Te dwie logiki spotykamy w całych dziejach Kościoła: usuwanie na margines i włączanie. Św. Paweł, realizując nakaz Pana, by głosić Ewangelię aż po krańce ziemi (por. Mt 28, 19), gorszył i napotykał silny opór oraz wielką wrogość, zwłaszcza ze strony tych, którzy domagali się bezwarunkowego przestrzegania prawa Mojżeszowego również przez nawróconych pogan. Także św. Piotr został ostro krytykowany przez wspólnotę, kiedy wszedł do pogańskiego domu setnika Korneliusza (por. Dz 10).
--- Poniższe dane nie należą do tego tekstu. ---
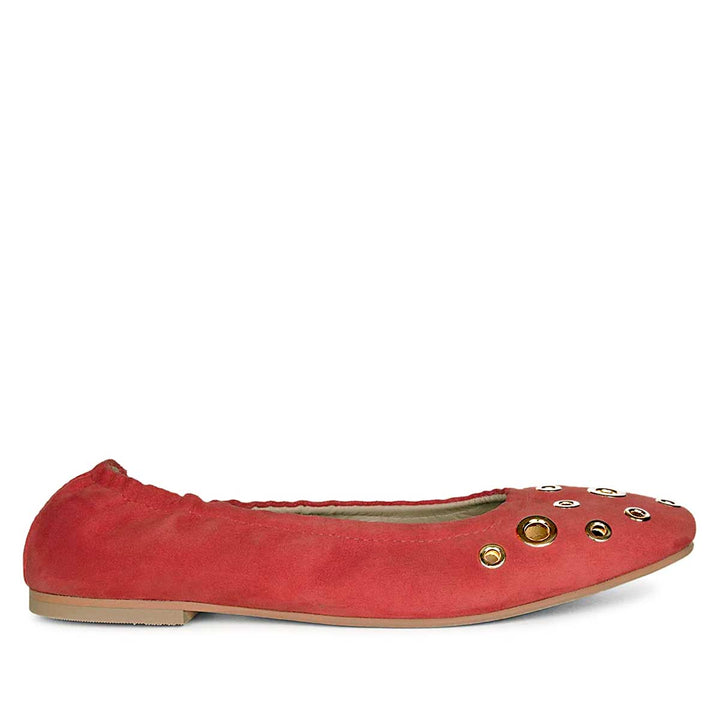 Saint Tesslyn Red Suede Eyelet Embellished Ballerinas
Drogą Kościoła, począwszy od Soboru Jerozolimskiego, jest zawsze droga Jezusa: droga miłosierdzia i integracji. Nie oznacza to lekceważenia zagrożeń czy wpuszczania do owczarni wilków, ale przyjmowanie skruszonego syna marnotrawnego; leczenie z determinacją i odwagą ran grzechu; zakasanie rękawów, a nie stanie i bierne patrzenie na cierpienia świata. Drogą Kościoła jest niepotępianie nikogo na wieczność; ofiarowanie miłosierdzia Boga wszystkim ludziom, którzy szczerym sercem o to proszą; drogą Kościoła jest właśnie wyjście poza własne ogrodzenie, aby iść szukać dalekich na «peryferiach» egzystencji; jest stosowaniem w pełni logiki Boga; naśladowaniem Nauczyciela, który powiedział: «Nie potrzebują lekarza zdrowi, ale ci, którzy się źle mają. Nie przyszedłem powołać do nawrócenia sprawiedliwych, lecz grzeszników» (Łk 5, 31-32).

Uzdrawiając trędowatego, Jezus nie wyrządza żadnej szkody tym, którzy są zdrowi, a wręcz wyzwala ich z lęku; nie stwarza zagrożenia, ale daje im brata; nie gardzi prawem, ale docenia człowieka, z myślą o którym Bóg natchnął Prawo. Faktycznie Jezus uwalnia zdrowych od pokusy «starszego brata» (por. Łk 15, 11-32) i ciężaru zawiści oraz «szemrania pracowników, którzy znosili ciężar dnia i spiekotę» (por. Mt 20, 1-16).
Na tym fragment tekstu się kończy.